Foreman Libvirt Compute Resource - volume based storage pools supported or not?

Problem:
I’m looking at moving some kvm hypervisors provisioning process move away from directory based storage pools to logical volume or pool based storage pools managed by libvirt.
I decided to test this in my home lab never having used this configuration before.

I setup a hypervisor on Rocky 10, and created two storage volumes made up of different disk devices to understand performance and configuration options (specifically volume block size and file system block size performance)

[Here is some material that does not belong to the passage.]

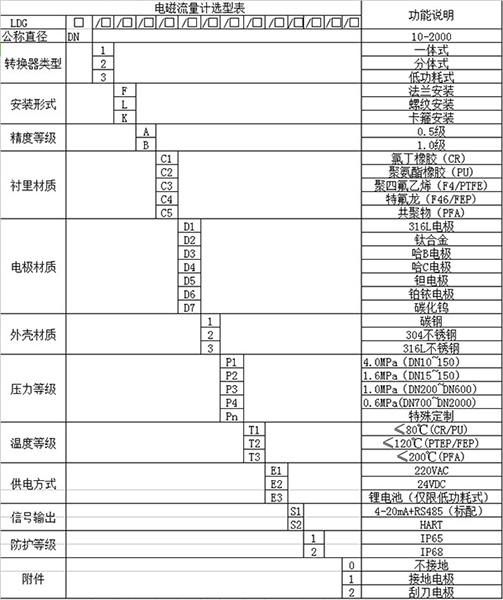 污水進(jìn)水流量計規格型號對照表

the two logical volumes and their libvirt storage pool definition look like this

<pool type='logical'>
 <name>vgnvme</name>
 <uuid>8fcdd132-b356-4044-93b0-681f44a8fa3c</uuid>
 <capacity unit='bytes'>0</capacity>
 <allocation unit='bytes'>0</allocation>
 <available unit='bytes'>0</available>
 <source>
   <name>vgnvme</name>
   <format type='lvm2'/>
 </source>
 <target>
   <path>/dev/vgnvme</path>
 </target>
</pool>

and

<pool type='logical'>
  <name>vgstripe</name>
  <uuid>61329409-de04-48f2-bed8-035ad72ecfae</uuid>
  <capacity unit='bytes'>0</capacity>
  <allocation unit='bytes'>0</allocation>
  <available unit='bytes'>0</available>
  <source>
    <name>vgstripe</name>
    <format type='lvm2'/>
  </source>
  <target>
    <path>/dev/vgstripe</path>
  </target>
</pool>

These pools appear on the libvirt hypervisor and active

 Name       State    Autostart
--------------------------------
 vgnvme     active   yes
 vgstripe   active   yes

Verifying the libvirt compute resource is reachable using the ‘test’ option in the foreman interface I am able to begin provisioning a host on this hypervisor.

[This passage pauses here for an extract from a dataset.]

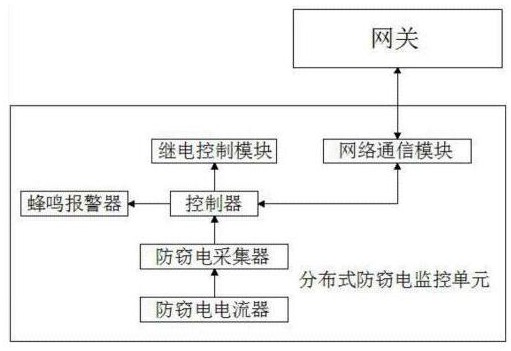 Electricity larceny prevention alarm monitoring system and method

When setting up the specification of the virtual machine within the foreman interface, the drop down for the storage pools that would normally allow me to select the storage destination for the virtual guest, contains no entries and foreman expects me to create one

The storage pools created do not display, and the only options for storage are ‘raw’ and ‘qcow2’ which are directory and file based storage options in libvirt.

Expected outcome:

Storage pool would display volume based storage pools - in this example ‘vgnvme’ and ‘vgstripe’

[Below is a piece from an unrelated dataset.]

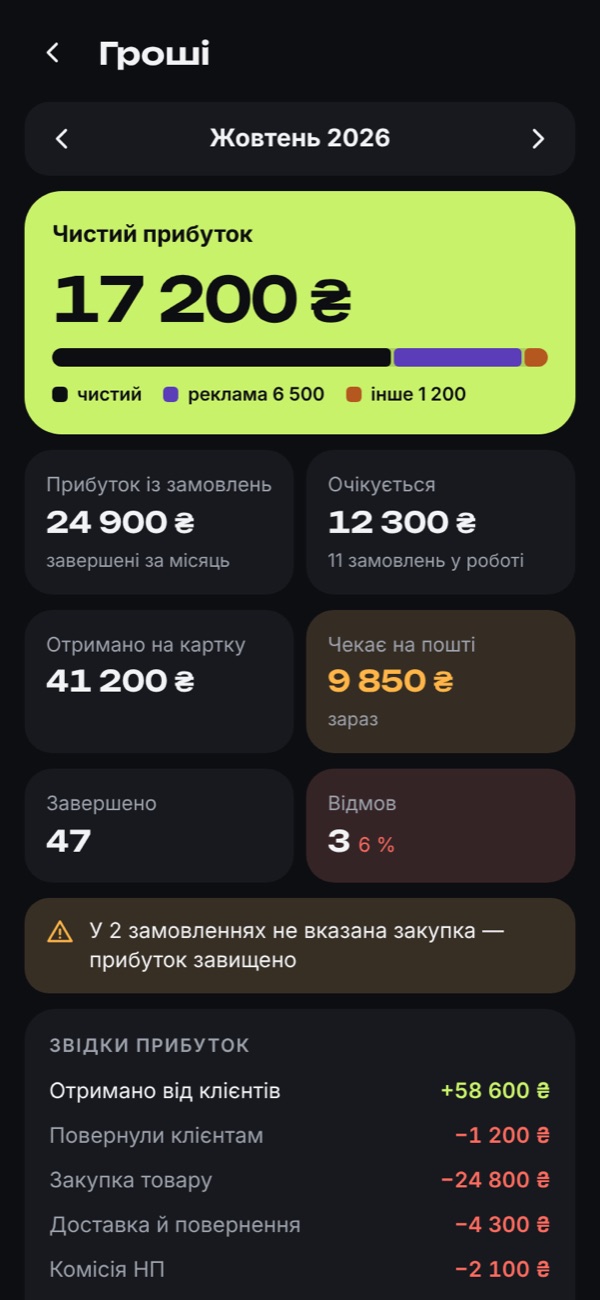 Гроші за жовтень: чистий прибуток, отримано на картку, чекає на пошті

Foreman and Proxy versions:

Foreman 3.16
Foreman-Proxy 3.16

Foreman and Proxy plugin versions:
foreman-tasks 11.0.4
foreman_ansible. 17.0.1
foreman_dhcp_browser 0.1.2
foreman_kubevirt 0.4.1
foreman_puppet 9.0.0
foreman_remote_execution 16.2.1
foreman_templates 10.0.9
foreman_webhooks 4.0.1

Other relevant data:

Satellite reference docs

Show that provisioning kvm/libvirt hosts requires no limitation of storage pools, although all examples in this doc do reference qcow2 format provisioning.

There is a link in this document documenting how to setup a RedHat virtualisation host (libvirt/kvm) for use with foreman

this document second 3.5.2 shows support for storage volume based storage pools, while this is not direct support confirmation in foreman, the implication is that if Satellite does not say 'only supports raw or qcow2 on directory based pools, AND the document linked on how to setup a kvm server for foreman shows you how to setup volume based storage pools, then foreman should support it.

From the research I’ve been able to do myself, I don’t believe pool based storage is supported and only directory and file based is supported, (I can see my other kvm hosts that use directory based pools offer their storage correctly in the foreman host provisioning page)

Answered my own question, I’d missed a line in the doc

Only directory pool storage types can be managed through Satellite.

FWIW - I have a setup running with libvirt managed LVM storage currently on Foreman 3.13.

Sounds like a change of behaviour with recent updates?

While I’m not great with RoR I’m more than happy to spend time to make this work better if the project would consider a PR.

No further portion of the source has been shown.